Science Fiction

Battlestar Galactica

Distributed by: Universal Studios

Reviewed by: Justine Manzano


        Last week, I reviewed Grey’s Anatomy, explaining how I’d decided to join the series in Season 2, after realizing that I was missing out on something good.  This happened to me twice last season.  The second time, it was Battlestar Galactica.  I had made no secret of hating this show from it’s very inception.  Rumors had been running rampant in the Science Fiction rumor mill that my favorite show, Farscape, had been axed after years of not-so-good ratings but a rabid cult following to allow money in Sci-Fi Channel’s budget for this television remake!  True or not, I was on a boycott.  Then, I realized I was a mature media connoisseur who was behaving like a spoiled brat—perhaps something worth canceling Farscape for couldn’t be bad?  So, I picked up the DVD.

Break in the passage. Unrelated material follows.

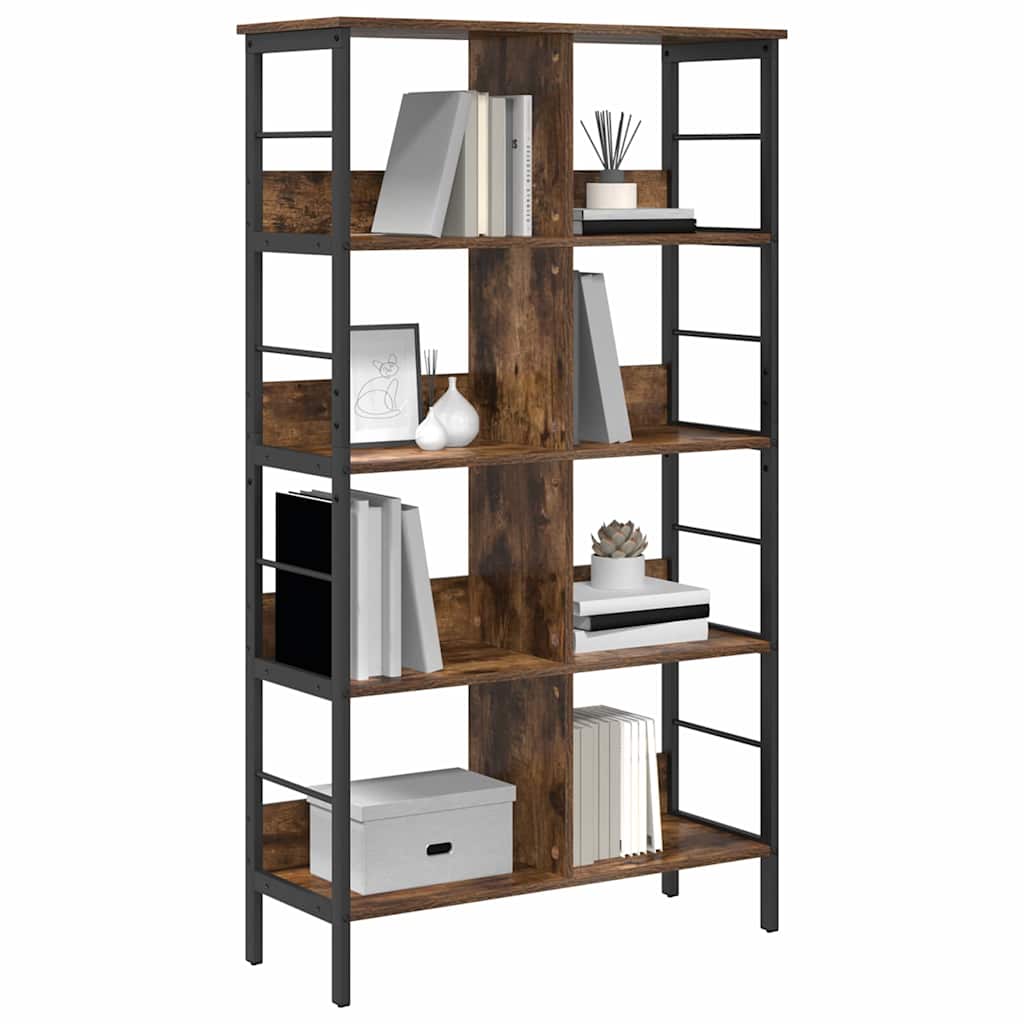vidaXL Bookshelf 8-Tier 82 x 32 x 144.5 cm Engineered Wood Smoked Oak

            The very first thing I could do was complain.  I had bought the mini-series that introduced the series as well as the first season on DVD, only to find that the season box set contained the mini-series.  No worries though, I scored money for the mini-series on ebay. Perhaps it should have been more clearly marked.  Either way, I had begun my reluctant journey with the Galactica. 

            The story is about a war between humans and the artificially intelligent beings we have created, The Cylons.  The story begins with the tentative truce between the two nations being violated by the terrorist actions of *gasp* a humanoid Cylon (Tricia Helfer)!  You mean, they look like us?  Like that hasn’t been done before!  (Okay, maybe I’m still a tad bitter, but read on…)  The Cylons rain down Armageddon on the human colonies, leaving only the few remaining ships in the air and just over 4,000 people left to repopulate the world and fight the war against the Cylons.  These ships constitute many tourist ships and a Battlestar class ship named The Galactica.  The fleet is now led by Commander William Adama (Edward James Olmos) who was on the verge of retirement before the attack.  Helping and sometimes arguing with him to make decisions about the fate of humanity is newly appointed President Laura Roslin (Mary McDonnell), who was the Secretary of Education before the attack.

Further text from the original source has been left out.